**** Provided data ****
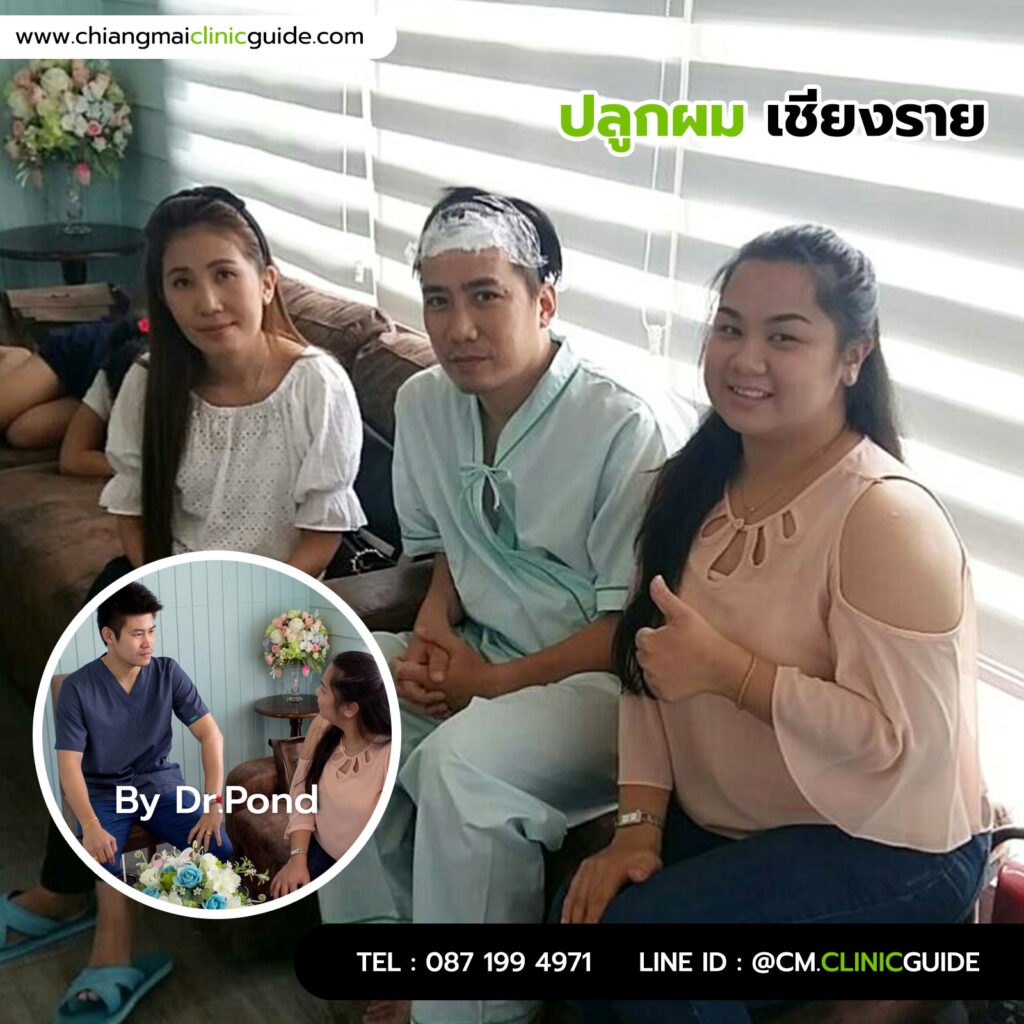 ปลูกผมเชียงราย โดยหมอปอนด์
****
**** Provided data ****
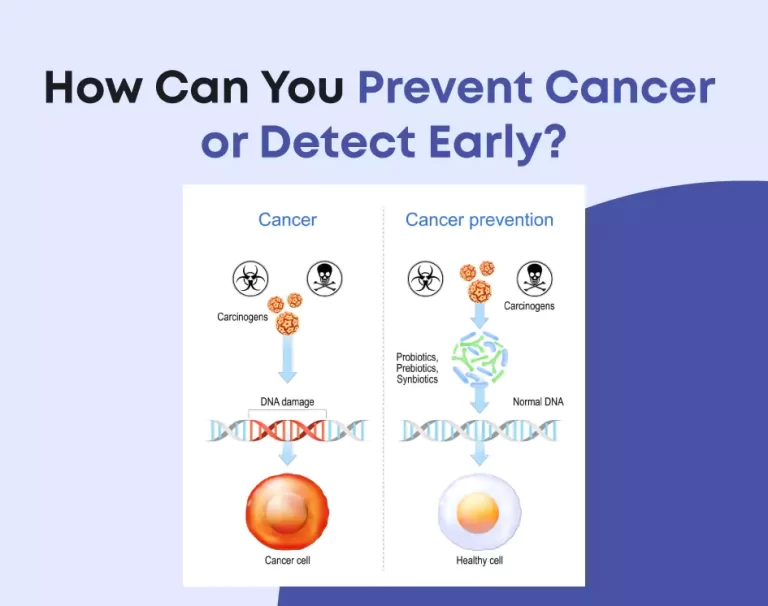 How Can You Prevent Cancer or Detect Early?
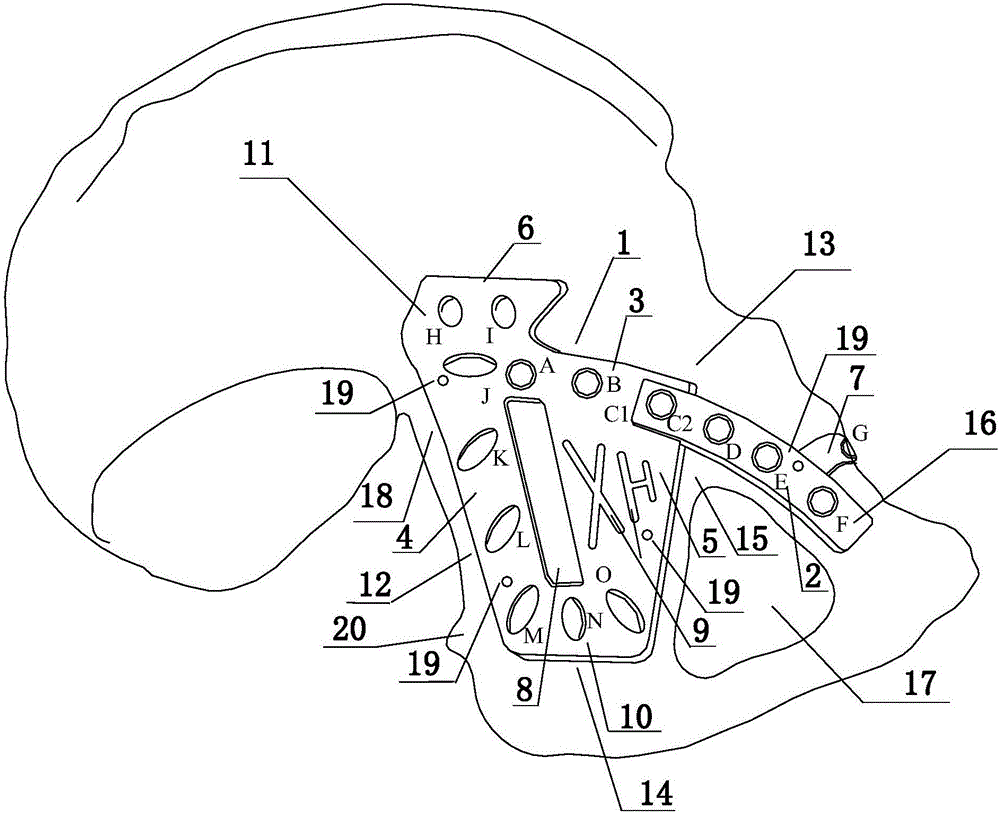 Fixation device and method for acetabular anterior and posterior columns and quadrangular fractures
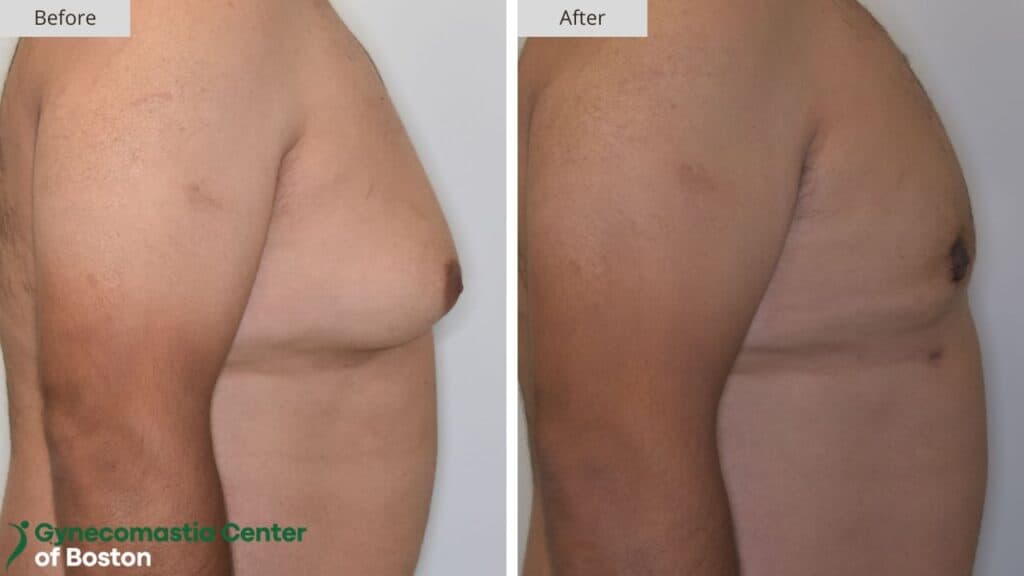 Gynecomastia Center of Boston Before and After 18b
****
**** Provided data ****
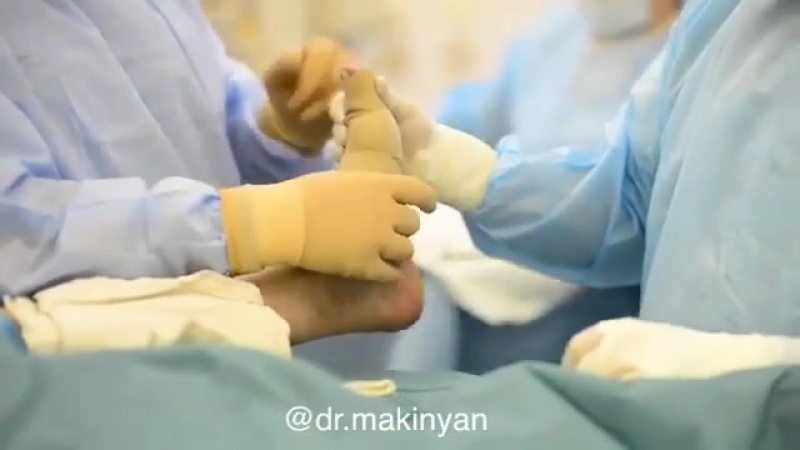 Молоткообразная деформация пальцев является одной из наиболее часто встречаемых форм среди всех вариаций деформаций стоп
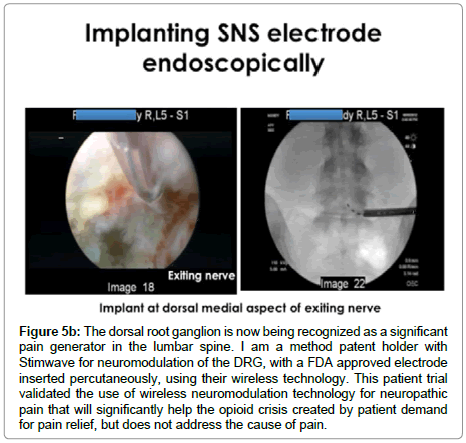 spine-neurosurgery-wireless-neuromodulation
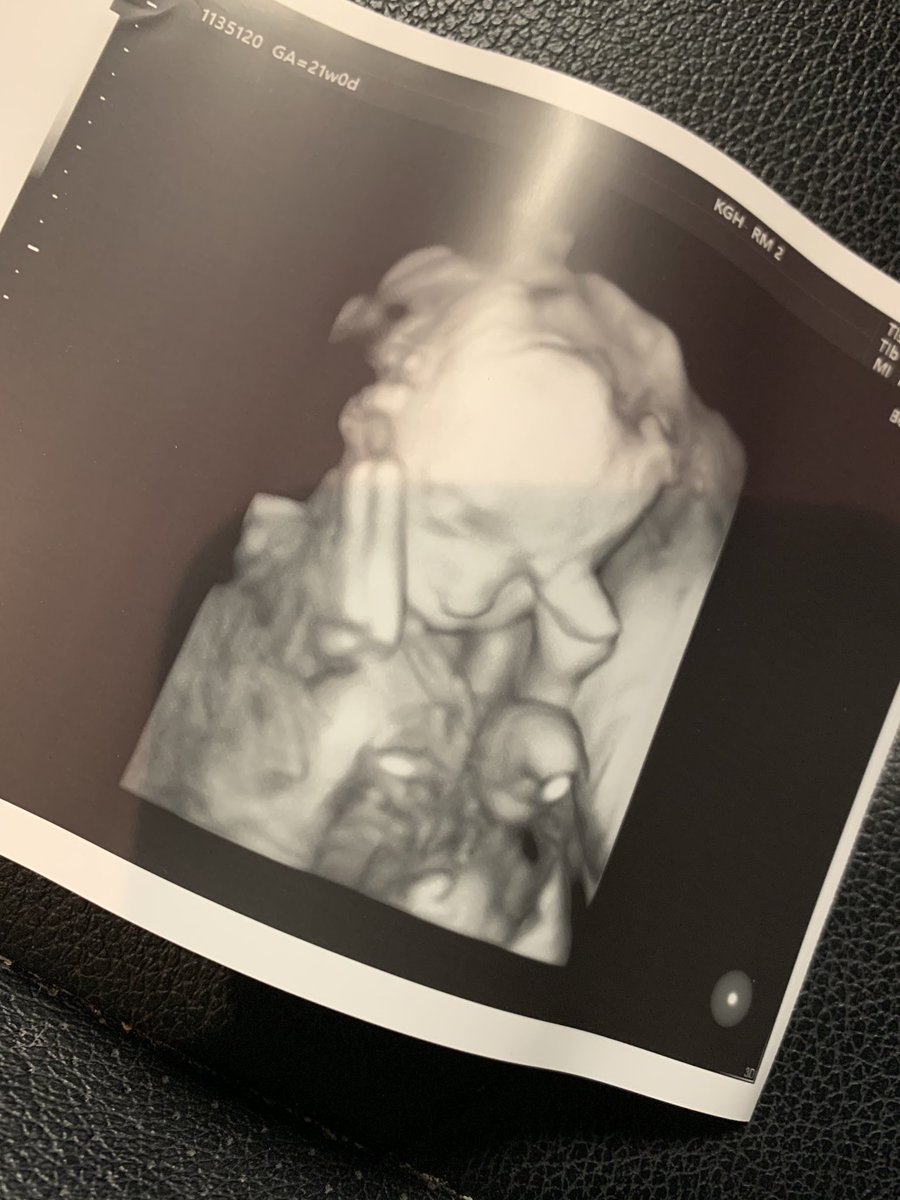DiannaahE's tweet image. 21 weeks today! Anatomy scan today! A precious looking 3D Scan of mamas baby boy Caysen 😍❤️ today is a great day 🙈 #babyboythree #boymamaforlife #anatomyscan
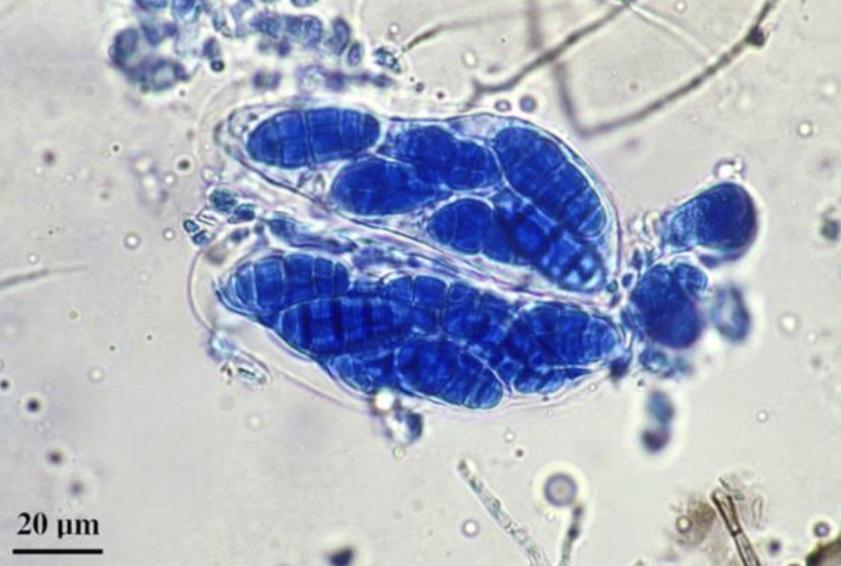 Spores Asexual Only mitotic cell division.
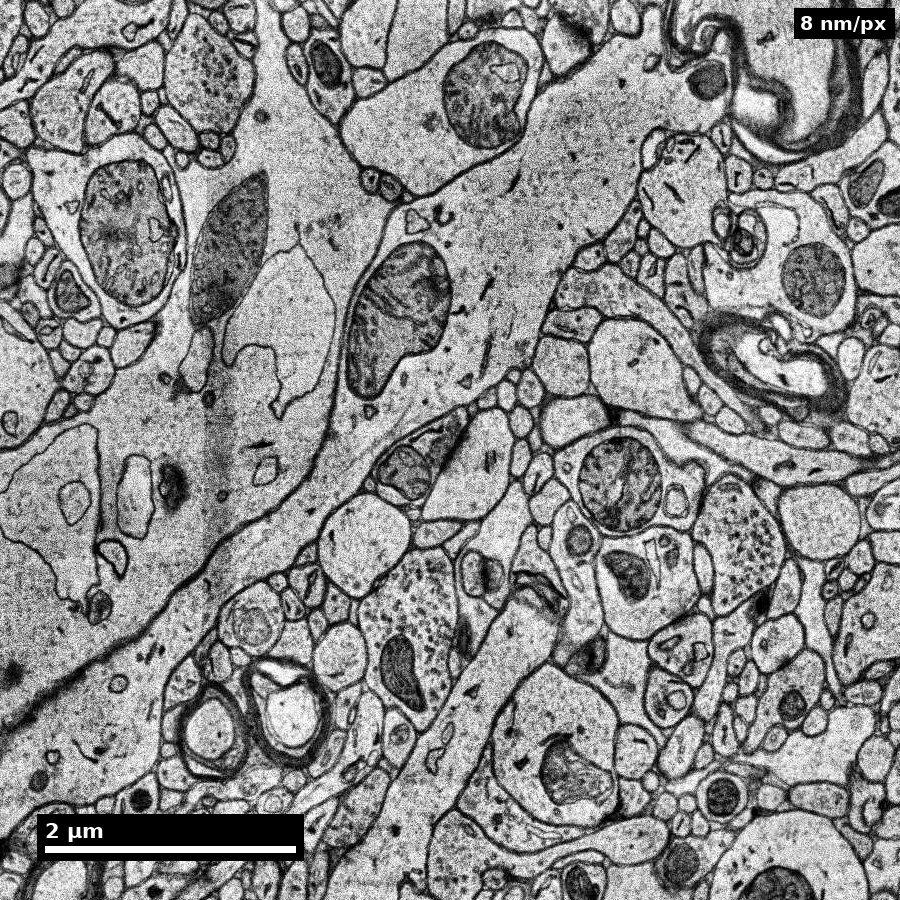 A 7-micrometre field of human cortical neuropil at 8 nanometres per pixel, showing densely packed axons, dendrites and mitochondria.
****
= What you should do =
Above are some records. Output exactly the lines from the one that contains "spine-neurosurgery-wireless-neuromodulation" to the one that contains "A 7-micrometre field", keeping both, and omit the pictures.

= Output for this exercise =
 spine-neurosurgery-wireless-neuromodulation
DiannaahE's tweet image. 21 weeks today! Anatomy scan today! A precious looking 3D Scan of mamas baby boy Caysen 😍❤️ today is a great day 🙈 #babyboythree #boymamaforlife #anatomyscan
 Spores Asexual Only mitotic cell division.
 A 7-micrometre field of human cortical neuropil at 8 nanometres per pixel, showing densely packed axons, dendrites and mitochondria.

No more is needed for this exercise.